The deploy script handles the actual deployment. After a bit of input validation, we get to the important parts:

gpg --fast-import .travis/gpg.asc

This imports the gpg key we decrypted earlier — we need to use this to sign artifacts.

if [ ! -z "$TRAVIS_TAG" ]
then
    echo "on a tag -> set pom.xml <version> to $TRAVIS_TAG"
    mvn --settings "${TRAVIS_BUILD_DIR}/.travis/mvn-settings.xml" org.codehaus.mojo:versions-maven-plugin:2.1:set -DnewVersion=$TRAVIS_TAG 1>/dev/null 2>/dev/null
else
    echo "not on a tag -> keep snapshot version in pom.xml"
fi

This is the important part for eliminating commit clutter.  Whenever a tag is pushed — aka, whenever $TRAVIS_TAG exists — we use the versions-maven-plugin to temporarily set the project’s version to that tag. Specifically, 

$ git tag 1.23
$ git push origin 1.23

The committed artifact version in pom.xml doesn’t change. It doesn’t matter what the version is in pom.xml in master — we want to publish this version as 1.23.

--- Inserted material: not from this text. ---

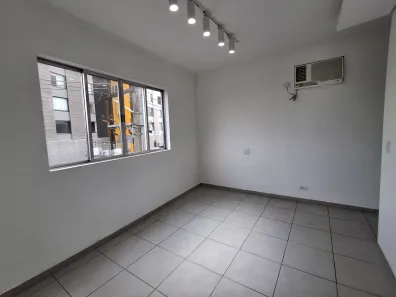 Conjunto Comercial / Sala para alugar, 60m² no Vila Pedro Moreira, Guarulhos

mvn deploy -P publish -DskipTests=true --settings "${TRAVIS_BUILD_DIR}/.travis/mvn-settings.xml"

Last but not least, the actual deploy.  Since we configured our distributionManagement section above with different snapshot and release repositories, we don’t need to think about the version anymore — if it’s still SNAPSHOT (like in the pom), it goes to Sonatype; if we pushed a release tag, it’s headed for central.

That’s it!

Before this setup, I was never really happy with my process for cutting a release and getting artifacts into Maven Central — the auto-generated git commits cluttered the history and it was too easy for a release to fail halfway.  With this process, it’s almost impossible for me to mess up a release. 

Hopefully this writeup helps a few people skip the trial-and-error part of getting OSS Java artifacts released. Let me know if I missed anything, or there’s a way to make this even simpler.